We took a rehearsal room and had a week of rehearsing The Wow-wows. In the cast was old Whimsical Walker, the famous Drury Lane clown. He was over seventy, with a deep, resonant voice, but had no diction, as we discovered at rehearsals, and he had the major part of explaining the plot. Such a line as β€˜The fun will be furious, ad libitum’, he could not say and never did. The first night he spluttered: β€˜Ablib-blum’, and eventually it became β€˜ablibum’, but never the correct word.

In America, Karno had a great reputation. We were, therefore, the headline attraction over a programme of excellent artists. And although I hated the sketch, I naturally tried to make the best of it. I was hopeful that it might be what Karno called β€˜the very thing for America’.

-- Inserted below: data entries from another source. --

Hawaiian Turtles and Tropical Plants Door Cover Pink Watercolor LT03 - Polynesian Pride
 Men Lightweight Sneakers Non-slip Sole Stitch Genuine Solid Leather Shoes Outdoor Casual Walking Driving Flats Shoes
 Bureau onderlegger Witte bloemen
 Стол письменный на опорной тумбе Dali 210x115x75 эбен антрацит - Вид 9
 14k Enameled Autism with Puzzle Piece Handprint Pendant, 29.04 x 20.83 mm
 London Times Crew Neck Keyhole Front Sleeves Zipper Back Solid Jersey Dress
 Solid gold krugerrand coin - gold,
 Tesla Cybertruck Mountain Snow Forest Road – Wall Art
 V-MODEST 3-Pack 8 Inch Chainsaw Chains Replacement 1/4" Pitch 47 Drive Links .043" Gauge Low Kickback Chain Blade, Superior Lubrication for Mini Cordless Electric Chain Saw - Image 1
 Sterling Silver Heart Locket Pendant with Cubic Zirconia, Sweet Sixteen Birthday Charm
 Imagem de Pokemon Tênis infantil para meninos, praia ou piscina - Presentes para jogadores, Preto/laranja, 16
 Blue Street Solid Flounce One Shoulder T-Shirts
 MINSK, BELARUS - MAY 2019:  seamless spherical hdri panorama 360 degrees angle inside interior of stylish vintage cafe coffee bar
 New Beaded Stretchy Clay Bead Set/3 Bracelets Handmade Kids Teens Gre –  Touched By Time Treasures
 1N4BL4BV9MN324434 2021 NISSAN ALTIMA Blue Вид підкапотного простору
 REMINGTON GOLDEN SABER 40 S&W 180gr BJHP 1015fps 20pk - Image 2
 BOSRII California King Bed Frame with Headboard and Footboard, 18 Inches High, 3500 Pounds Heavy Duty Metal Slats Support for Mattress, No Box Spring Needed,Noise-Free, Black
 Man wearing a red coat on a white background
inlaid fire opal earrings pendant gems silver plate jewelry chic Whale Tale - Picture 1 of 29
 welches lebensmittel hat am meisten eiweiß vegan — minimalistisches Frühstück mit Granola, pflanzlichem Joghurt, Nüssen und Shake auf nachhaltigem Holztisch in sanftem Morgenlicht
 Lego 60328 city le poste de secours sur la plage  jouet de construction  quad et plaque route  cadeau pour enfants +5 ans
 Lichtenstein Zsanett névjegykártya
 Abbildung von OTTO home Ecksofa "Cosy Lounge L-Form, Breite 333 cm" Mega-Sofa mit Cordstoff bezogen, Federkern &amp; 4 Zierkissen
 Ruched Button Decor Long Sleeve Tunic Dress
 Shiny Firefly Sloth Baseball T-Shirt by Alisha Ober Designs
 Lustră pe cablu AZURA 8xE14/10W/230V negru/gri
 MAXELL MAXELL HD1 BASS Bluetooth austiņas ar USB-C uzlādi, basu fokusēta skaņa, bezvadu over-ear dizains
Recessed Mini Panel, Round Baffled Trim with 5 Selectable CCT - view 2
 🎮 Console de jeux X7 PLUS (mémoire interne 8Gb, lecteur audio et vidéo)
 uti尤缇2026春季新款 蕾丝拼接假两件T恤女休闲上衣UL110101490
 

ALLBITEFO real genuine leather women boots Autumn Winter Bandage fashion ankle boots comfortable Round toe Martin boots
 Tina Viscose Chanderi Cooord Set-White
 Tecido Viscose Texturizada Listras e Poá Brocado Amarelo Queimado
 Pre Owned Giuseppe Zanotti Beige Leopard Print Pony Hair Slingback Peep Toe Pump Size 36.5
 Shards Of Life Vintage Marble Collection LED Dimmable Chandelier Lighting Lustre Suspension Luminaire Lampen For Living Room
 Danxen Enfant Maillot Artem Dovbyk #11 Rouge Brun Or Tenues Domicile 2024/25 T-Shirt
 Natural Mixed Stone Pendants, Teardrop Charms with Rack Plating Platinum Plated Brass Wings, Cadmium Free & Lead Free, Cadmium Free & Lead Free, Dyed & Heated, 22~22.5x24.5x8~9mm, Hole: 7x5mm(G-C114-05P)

I will not describe the nerves, agony and suspense that preceded my entrance the first night, or my embarrassment as the American artists stood in the wings watching us. My first joke was considered a big laugh in England and a barometer for how the rest of the comedy would go over. It was a camping scene. I entered from a tent with a tea-cup.

ARCHIE (me): Good morning, Hudson. Do you mind giving me a little water?

HUDSON: Certainly. What do you want it for?

ARCHIE: I want to take a bath. (A faint snicker, then cold silence from the audience.)

HUDSON: How did you sleep last night, Archie?

ARCHIE: Oh, terribly. I dreamt I was being chased by a caterpillar.

Still deadly silence. And so we droned on, with the faces of the Americans in the wings growing longer and longer. But they were gone before we had finished our act.